In the nearly two years since I wrote that article, Auntie Joy has won the GIII Regret S. on turf, while Mokat has taken the GII San Clemente H. However, it is Mo Town’s transformation into a GI-winning turf performer that is going to force breeders to take a fresh look at Uncle Mo.
Mo Town’s pedigree shouts dirt rather than turf. His dam Grazie Mille is a twice-raced winner by Bernardini, who proved himself a champion on dirt. I think it is fair to say that Sheikh Mohammed’s bold policy of sending quite a few of Bernardini’s progeny to race on turf in Europe ultimately failed to pay off.

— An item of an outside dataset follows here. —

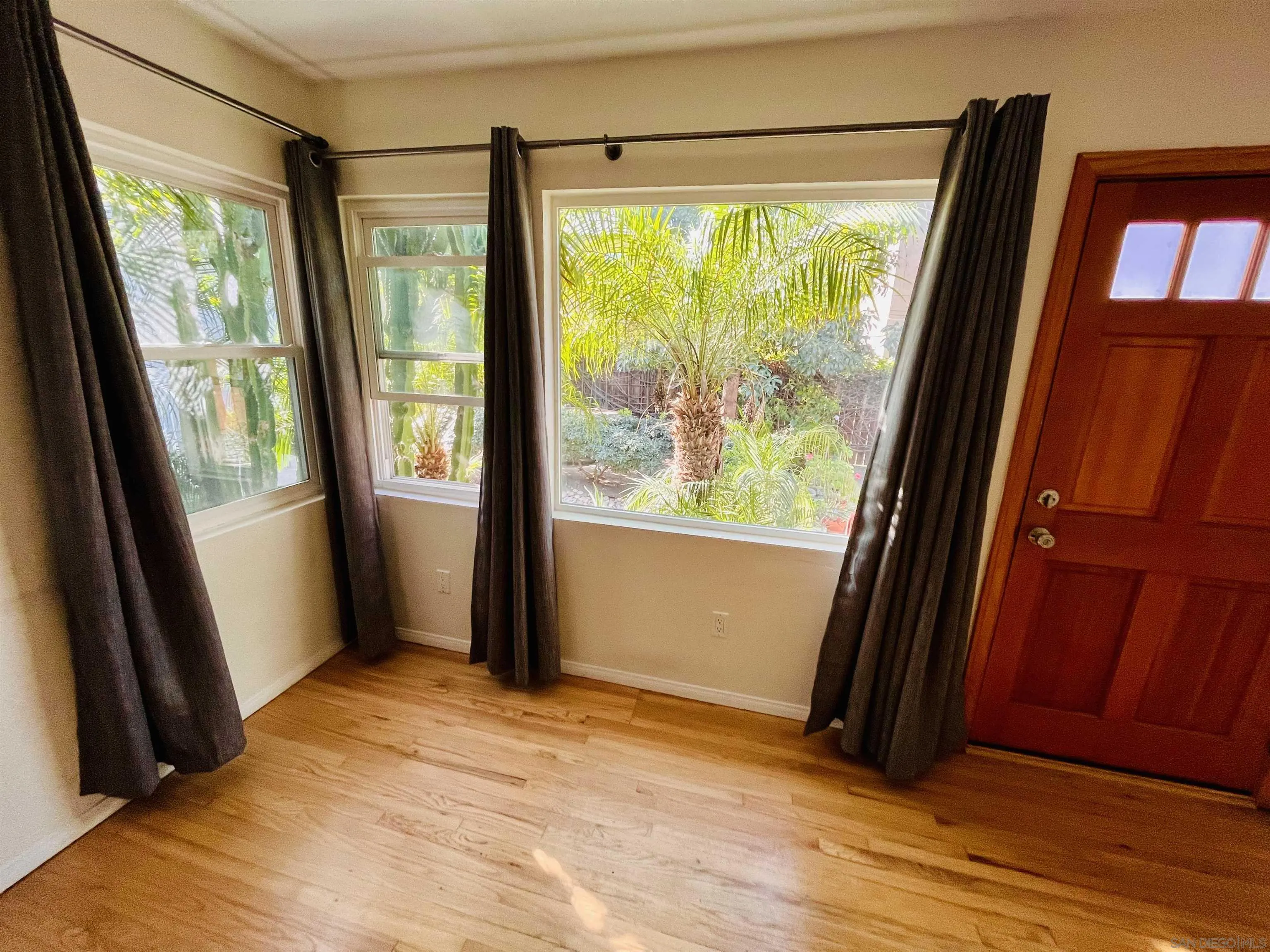 Photo #4: 250039257 Listing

The Hollywood Derby winner’s second dam Molto Vita is by Carson City, a stallion whose 15-race career was spent entirely on dirt. It was therefore no wonder that Molto Vita was another dirt specialist, never tackling turf in any of her 28 appearances. Something of a late-bloomer, Molto Vita was good enough to win the GIII Thoroughbred Club of America S. over six furlongs as a 4-year-old and to be GI-placed in the Humana Distaff H. and Ballerina S. the following year.
Molto Vita is herself a daughter of Princess Polonia. As her name might indicate, Princess Polonia was a daughter of Danzig, but this proved no help to her in her four starts on grass. She managed just one third place, but it was a different story on the main track, on which she compiled career figures of 40-8-6-6, with her best win coming in the GIII Sixty Sails H. over a mile and an eighth.

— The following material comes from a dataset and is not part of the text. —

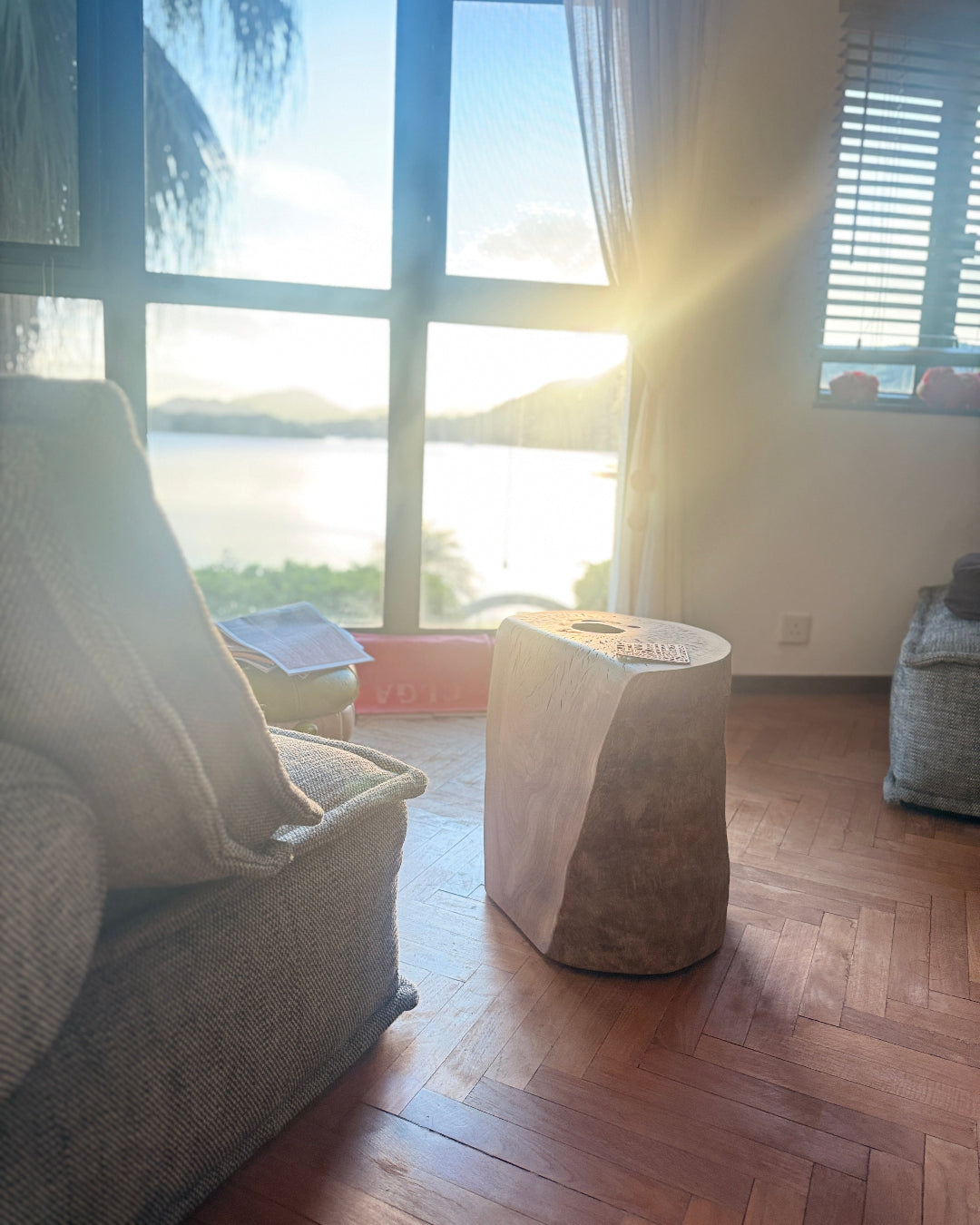 Tree stump stool workshop in Hong Kong at Timberbank – handmade solid wood stump stool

With a female line like this–and with a champion dirt performer as his sire–Mo Town seemed destined for a career on the main track. The ‘TDN Rising Star’ initially more than lived up to expectations in his two juvenile starts, notably taking the GII Remsen S. over a mile and an eighth. Unfortunately, his Triple Crown aspirations quickly evaporated, leaving his connections to come up with Plan B.

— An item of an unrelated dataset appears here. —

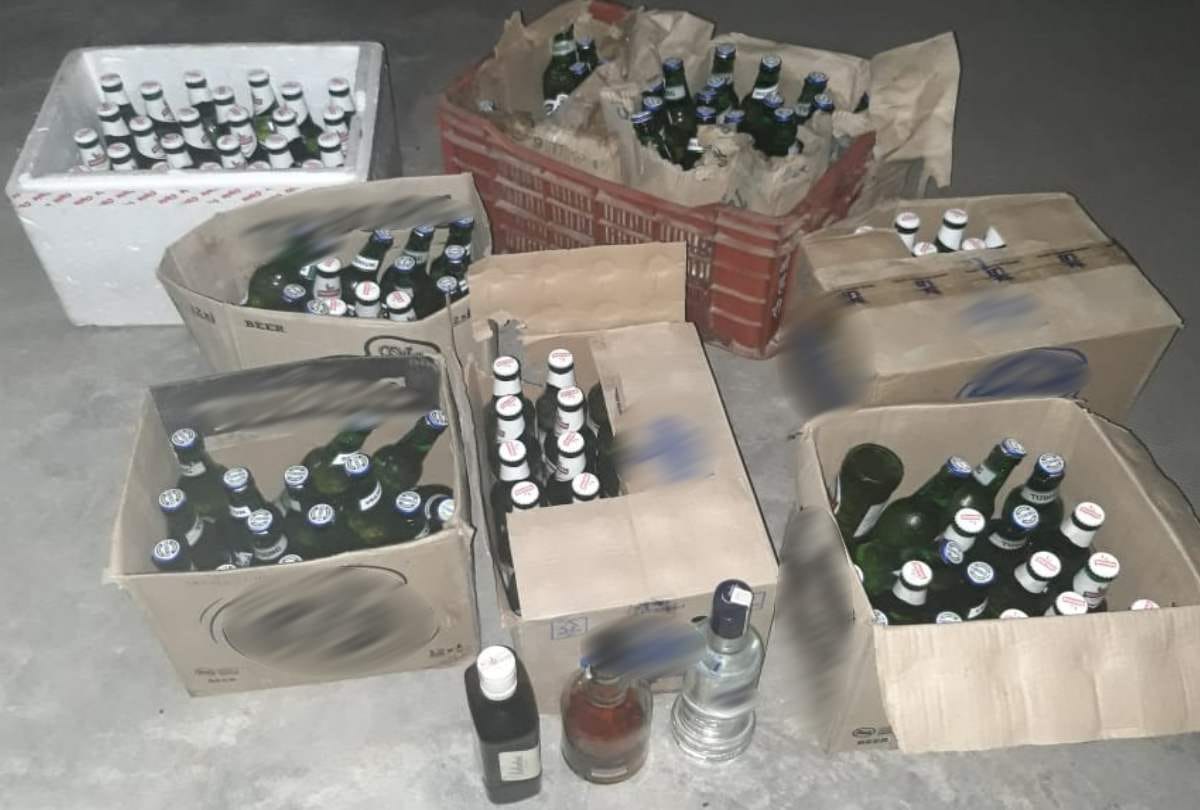 Gurugram News Biggest Alcohol Party Busted 43 Boys and Girls Arrested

One thing’s for sure–there will be more Bernardini mares heading in Uncle Mo’s direction. This cross has seven foals of racing age, of which four have started. In addition to Mo Town, they include that very useful filly Mopotism, who once failed by only a head to land the GII Summertime Oaks.
It mustn’t be forgotten that Bernardini’s eldest daughters are still only nine years old and thus unlikely to have more than three foals of racing age. Although Mo Town is their only GI winner so far, they have made an encouraging start, producing a total of six graded winners in the U.S. and Australia. Another is Catholic Boy (More Than Ready), a good fourth in the GI Breeders’ Cup Juvenile Turf.
More and more success looks sure to come the way of Bernardini’s daughters as their number of representatives increases. Indeed, it would come as no surprise were Bernardini to become an important sire of broodmares. He is, after all, a son of A.P. Indy, a champion broodmare sire who was the son of another champion broodmare sire in Seattle Slew.
To return to Uncle Mo, he too must one day have champion sire aspirations, having sired three GI winners, including Kentucky Derby hero Nyquist, in a first crop sired at $35,000. Mo Town comes from a much smaller second crop and Uncle Mo’s 2-year-olds were sired at $27,500. His fee slipped a bit lower in his fourth year, to $25,000, but yearlings from this crop have averaged more than $225,000, with $700,000 being paid for colts out of mares by A.P. Indy’s sons Bernardini and Mineshaft. This surely bodes well for his next two crops, sired at fees of $75,000 and $150,000.